--- START ---

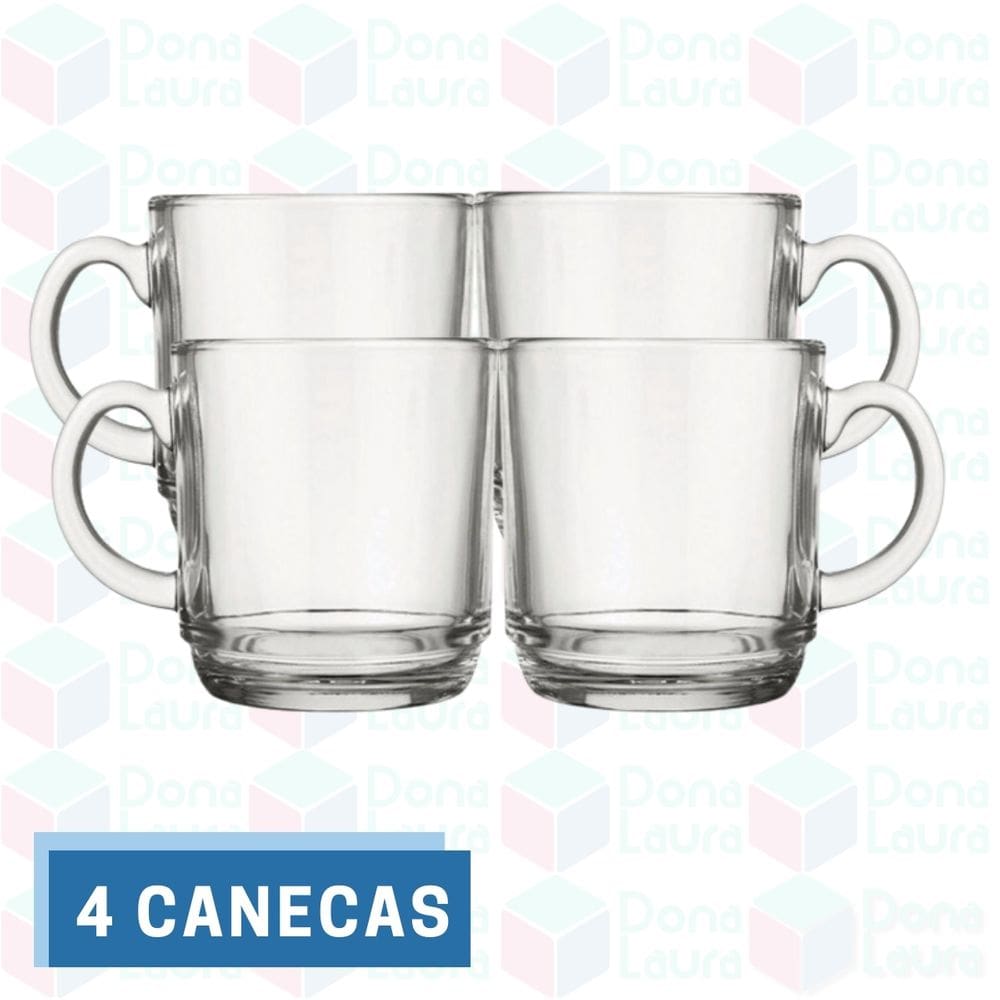 Conjunto 4 Canecas Transparente Vidro 250ML Chocolate Quente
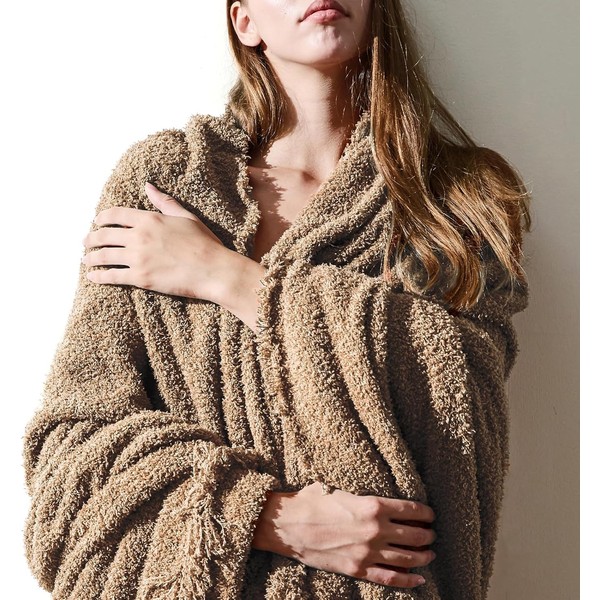EASEON Throw Blanket for Couch-Soft Tan Boho Throw Blanket,Cozy Knit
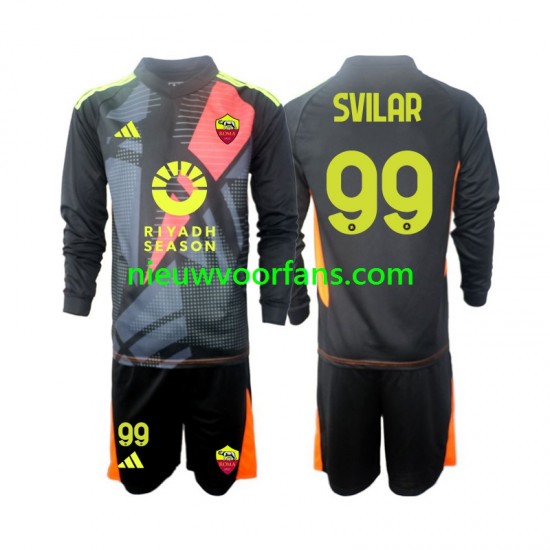 AS Roma Kind Shirt met Bedrukking Doelman Mile Svilar 99 Thuis 2024-2025 Lange Mouw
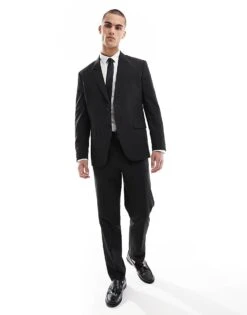 Jack & Jones Regular Fit Suit Jacket In Black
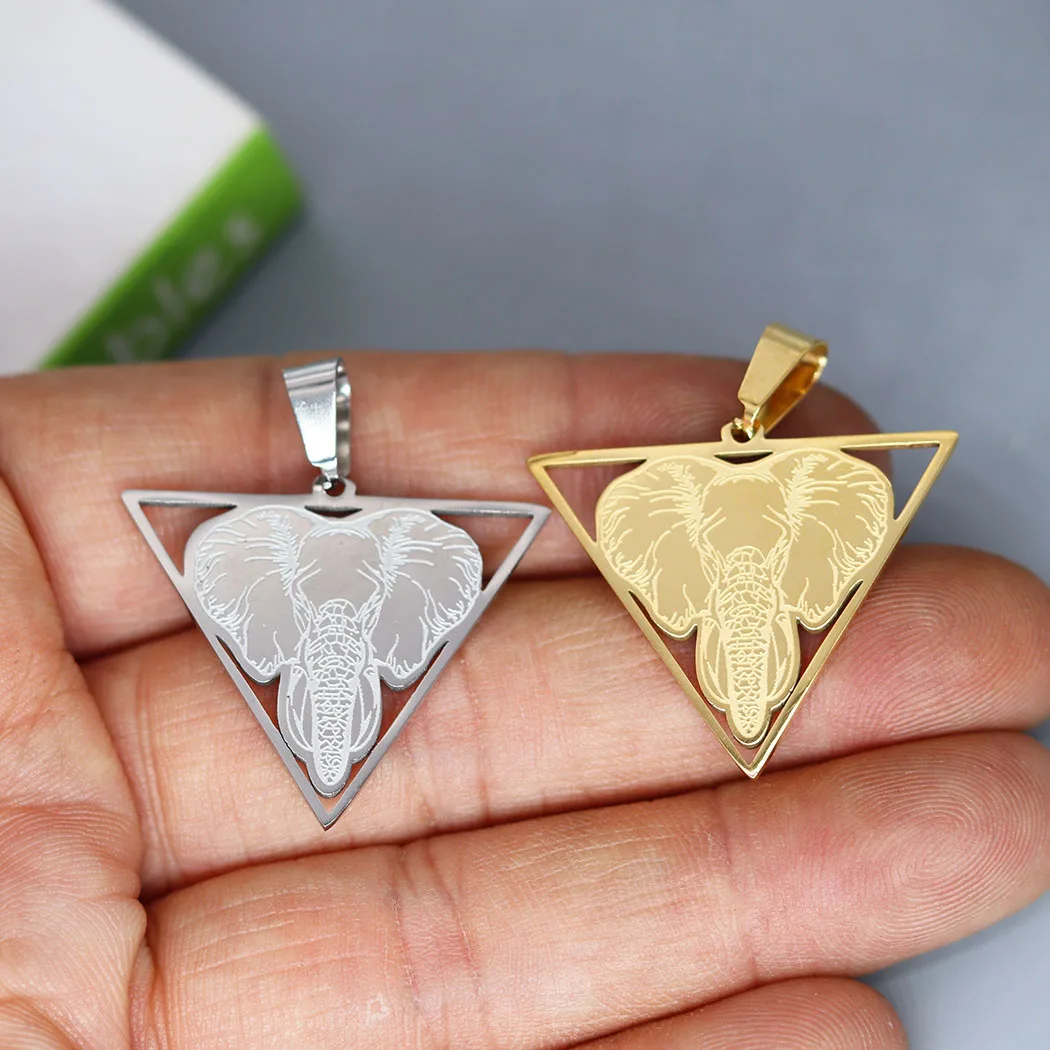 2Pcs/lot Triangle Animal Elephant Head Charm For Necklace Keychains Stainless Steel Jewelry Crafts Making Findings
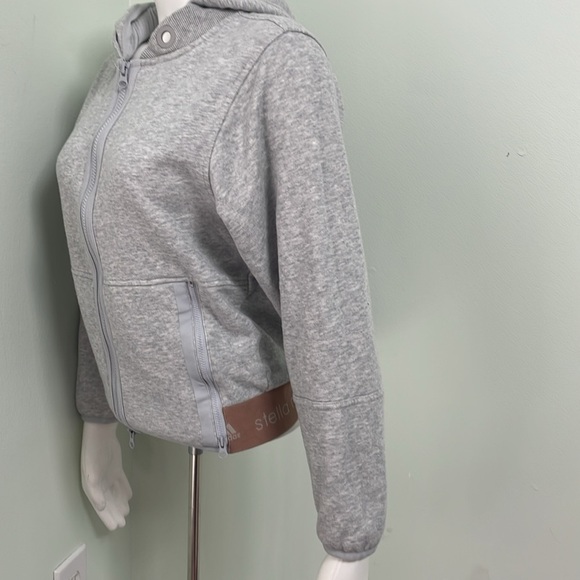 Adidas by Stella McCartney gray zipper front sweatshirt jacket with hood size XS - Picture 3 of 7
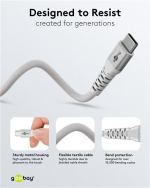 Goobay USB-C™ supersoft textilkabel med metallkontakter, 0,5 m, vit elegant och extra robust anslutningskabel för enheter med USB-C™-port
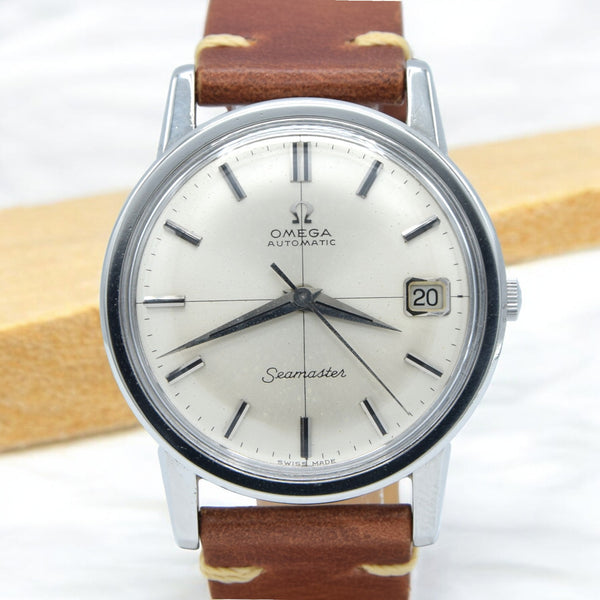 1967 Omega Automatic Seamaster Model 166.003 Calendar Model steel with cross-hair onyx dial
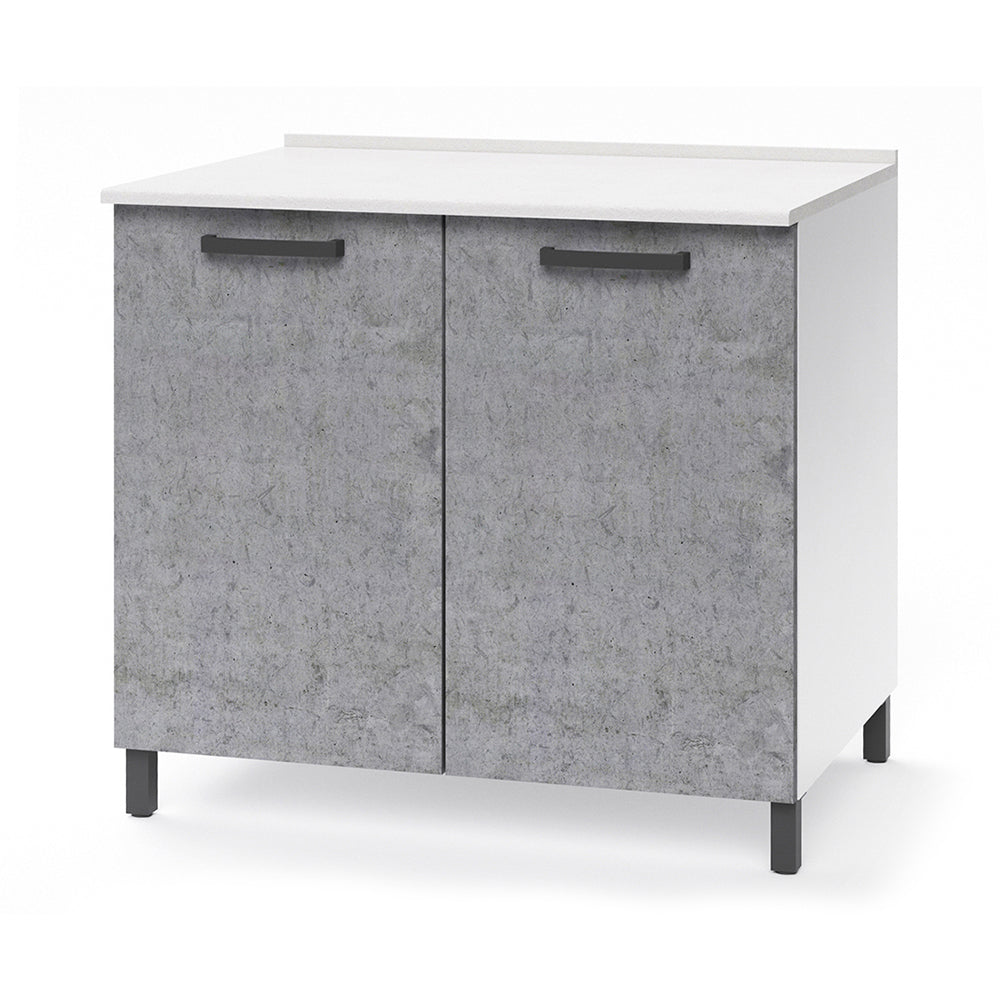 Base per cucina componibile da 80 cm con ante, realizzata in legno 100% MADE IN ITALY colore Cemento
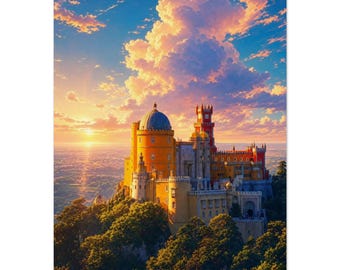 Sintra Pena Palace Print | Portugal Castle Wall Art | Colourful Fairytale Poster | Travel Gift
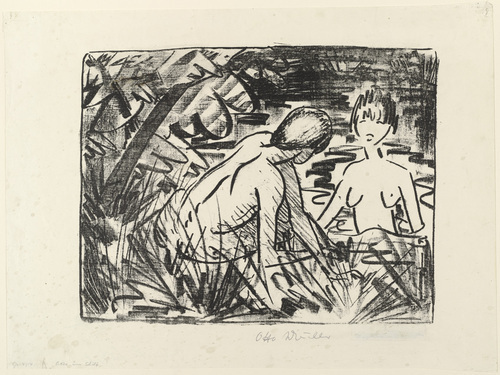 Otto Mueller. One Girl Bathing and the Other Sitting on the Shore (2) [Badendes und am Ufer sitzendes M&auml;dchen (2)]. (c. 1919)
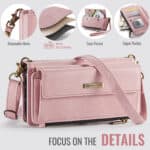 1. Sac à main en cuir rose avec poche zippée et porte-cartes RFID.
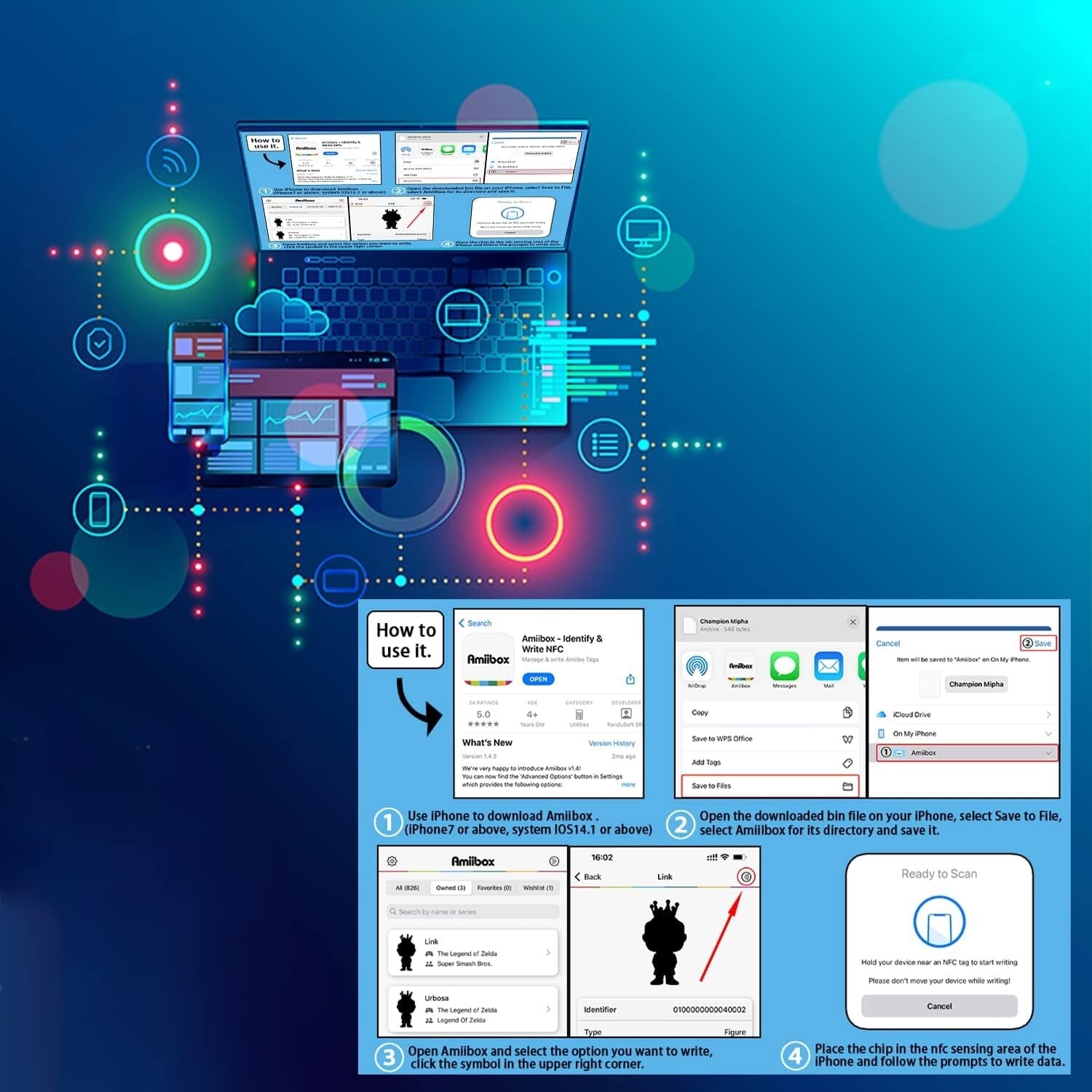 Premium 200 NFC Cards, 504 Bytes Memory, Smooth PVC Finish - Quick Share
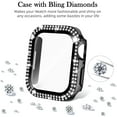 thumbnail image 3 of Apple Watch Case Series 8, Series 7 for 45mm Diamond Glitter Watch Case Built-in Tempered Glass Screen Protector, Guard Bumper Full Coverage Cover for Apple Watch Series 8 and Series 7, Black 45mm, 3 of 7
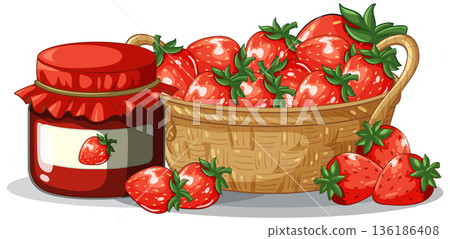 Fresh Red Strawberries in Wicker Basket with Homemade Fruit Jam Jar 136186408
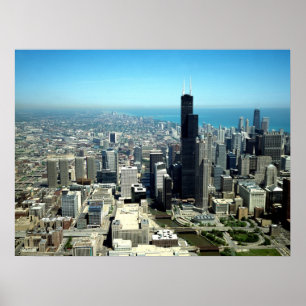Bilder av Chicago: Flygvyskylin Poster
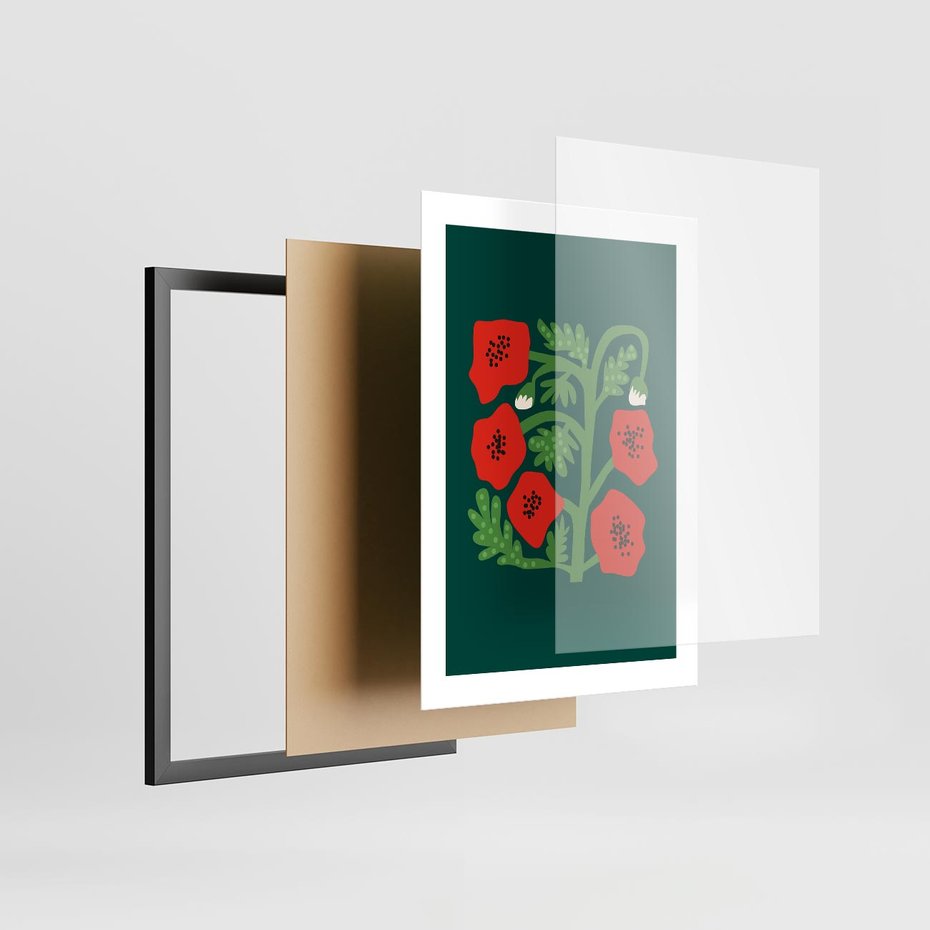 Plakat w ramie 30x40 - Księga Odbić - abstrakcyjna kwiatowa kompozycja, zielone  mocne tło - rama czarna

--- END ---

__Exercise objective__
Give again, word for word, only the lines that run from the top of the data above through the line with "Base per cucina". Drop the pictures.

__Solution for this task__
 Conjunto 4 Canecas Transparente Vidro 250ML Chocolate Quente
EASEON Throw Blanket for Couch-Soft Tan Boho Throw Blanket,Cozy Knit
 AS Roma Kind Shirt met Bedrukking Doelman Mile Svilar 99 Thuis 2024-2025 Lange Mouw
 Jack & Jones Regular Fit Suit Jacket In Black
 2Pcs/lot Triangle Animal Elephant Head Charm For Necklace Keychains Stainless Steel Jewelry Crafts Making Findings
 Adidas by Stella McCartney gray zipper front sweatshirt jacket with hood size XS - Picture 3 of 7
 Goobay USB-C™ supersoft textilkabel med metallkontakter, 0,5 m, vit elegant och extra robust anslutningskabel för enheter med USB-C™-port
 1967 Omega Automatic Seamaster Model 166.003 Calendar Model steel with cross-hair onyx dial
 Base per cucina componibile da 80 cm con ante, realizzata in legno 100% MADE IN ITALY colore Cemento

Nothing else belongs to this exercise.